Sonntag, 20. August 2017

Die letzte Zeit in Kolumbien

Nach der Amazonasreise musste ich noch knapp 2 Wochen zur Schule gehen.

Danach folgte die "RYLA"-Konferenz (Rotary Youth Leadership Award) in Ibagué. Alle Austauschschüler und zukünftigen kolumbianischen Austauschschüler aus der Region Bogotá nahmen daran teil. Diejenigen aus der südlicheren Region Cali hatten eine eigene RYLA.
Für die RYLA wurden wir am Freitagmittag in Bogotá mit 2 Bussen abgeholt und fuhren so gemeinsam bis nach Ibagué, wo wir abends ankamen.
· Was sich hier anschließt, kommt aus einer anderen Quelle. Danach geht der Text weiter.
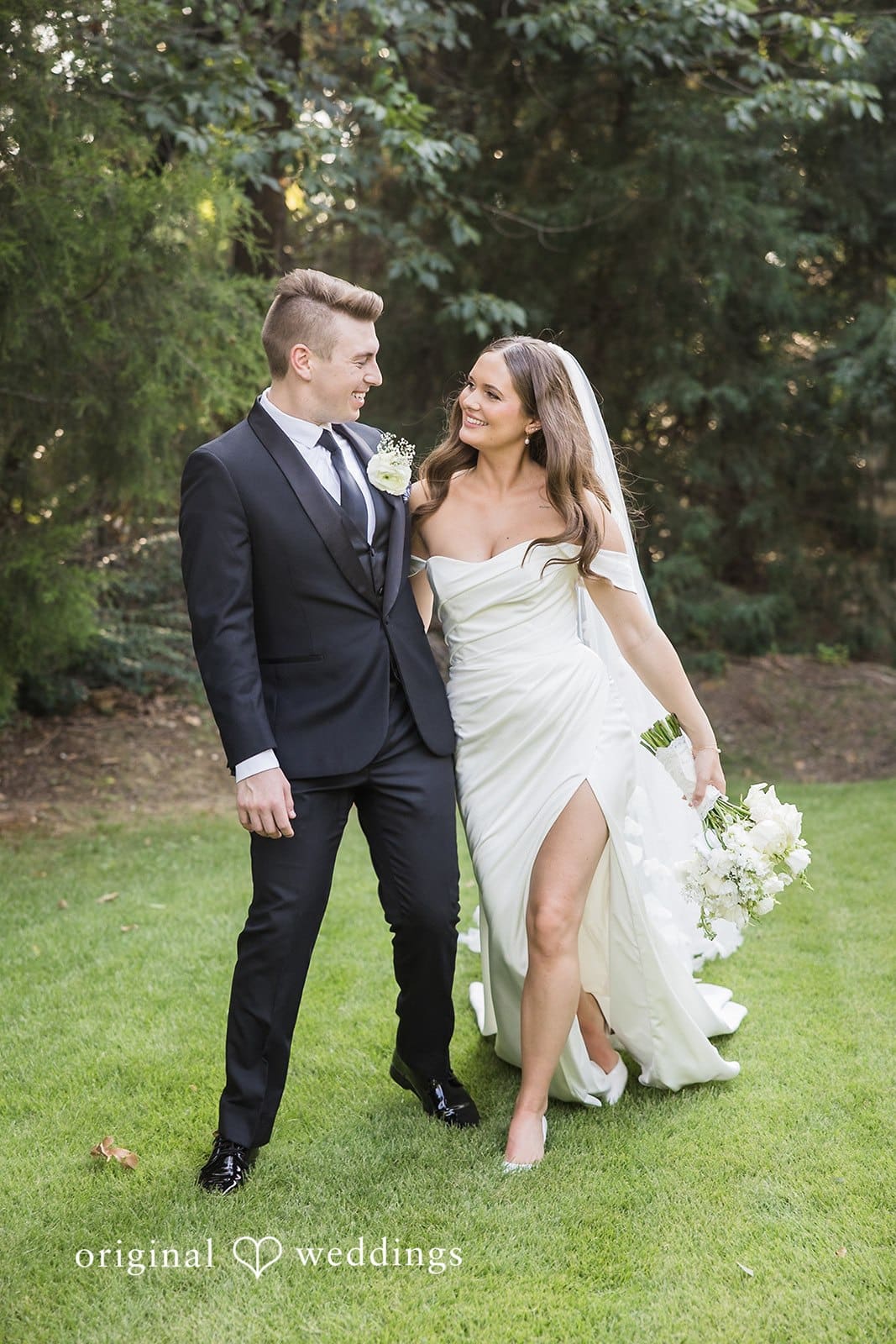 Kaylee & Zack -
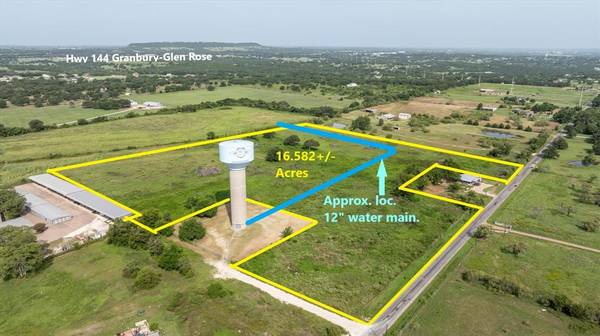 Granbury, TX 76048,6108 Contrary Creek Road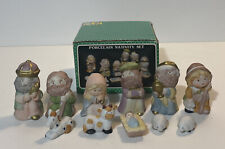 Piece nativity set for sale  Tacoma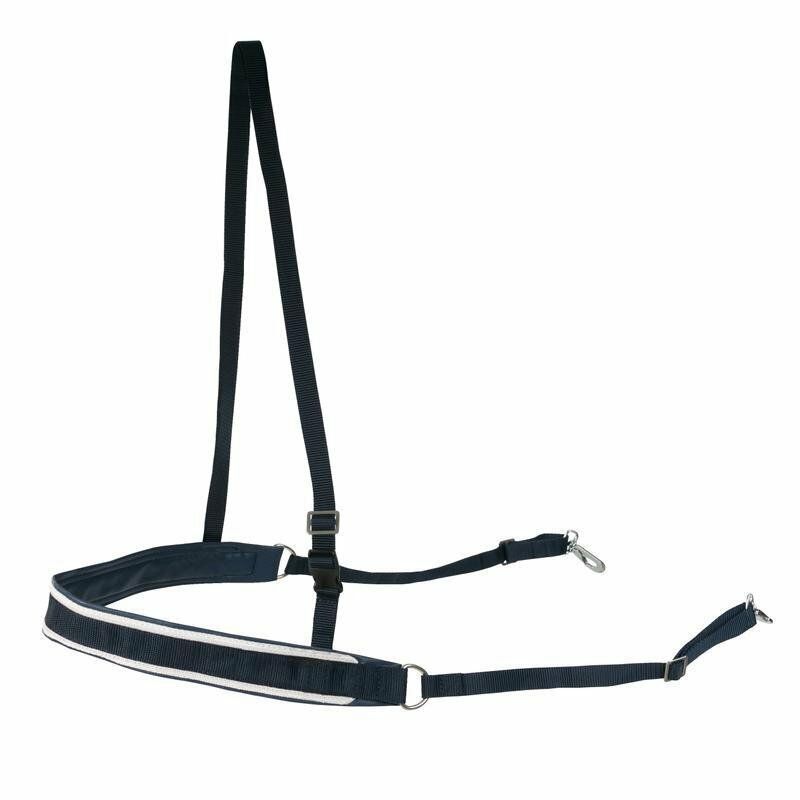Breites Nylon Brustblatt Breites Nylon Brustblatt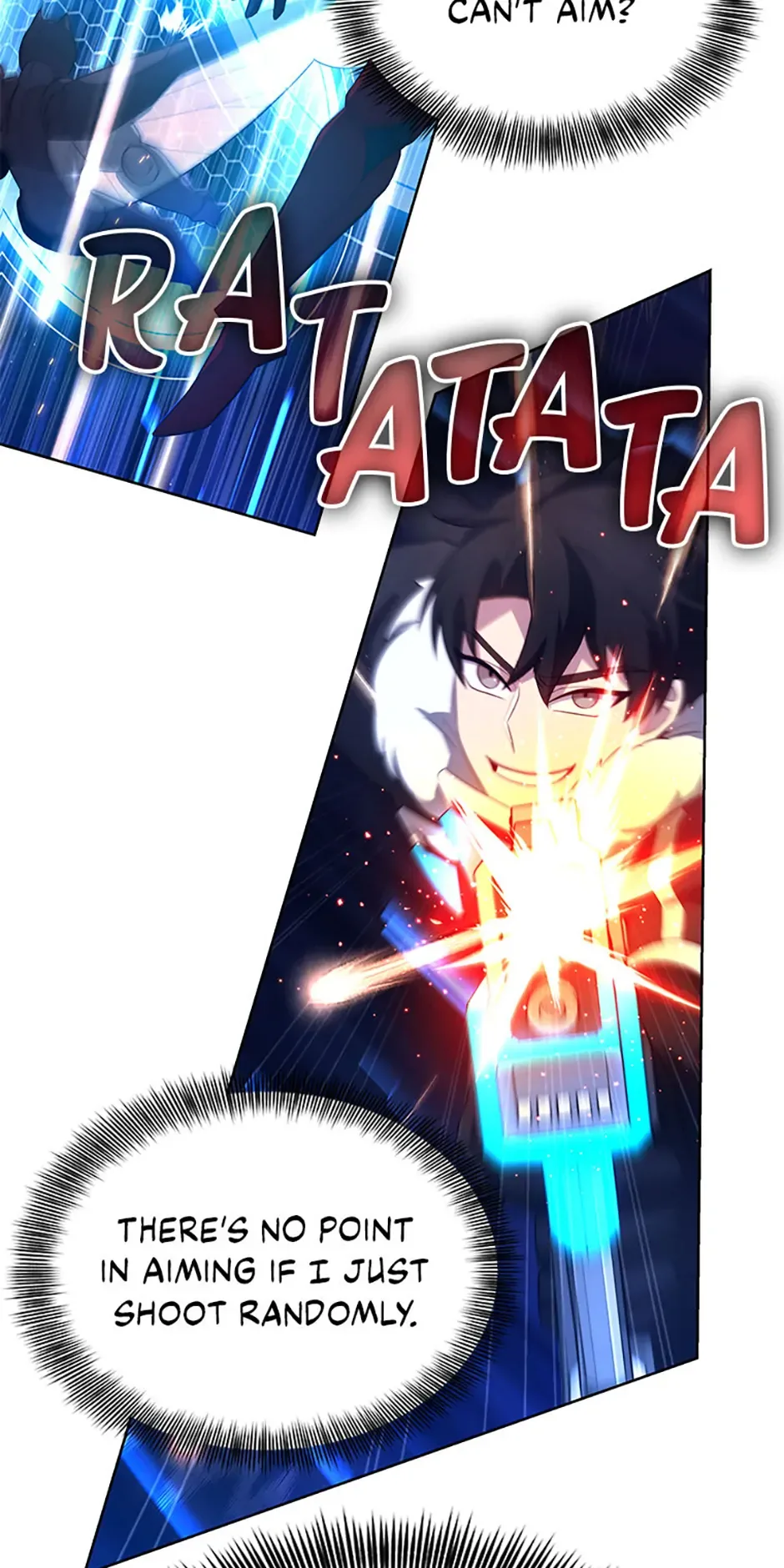 Ark The Legend Chapter 48 page 26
Dort mussten wir zuerst einmal alles Gepäck auf dem Boden auslegen, damit die Polizei dieses mit Spürhunden auf Drogen und Alkohol untersuchen konnte.


Nach dieser Kontrolle gab es Abendessen und eine Einstimmungsaktivität am Lagerfeuer.
Die Nacht verbrachten wir in Gruppenzimmern, einige Austauschschüler mussten aber auch in Zelten übernachten. Jungen- und Mädchenschlafbereiche waren strikt abgetrennt, ab Mitternacht patroullierte die Polizei mit Hunden, damit niemand mehr unerlaubt die Zimmer verliess. Rotary machte klar, dass sie gegen Ende des Austauschjahres keine Regelverstösse dulden würden.
Am nächsten Tag fanden morgens Vorträge zur Team- und Führungsarbeit statt, am Nachmittag machten wir einen Ausflug zu einer Reisfarm und anschliessend zu Wasserfällen, um dort baden zu gehen.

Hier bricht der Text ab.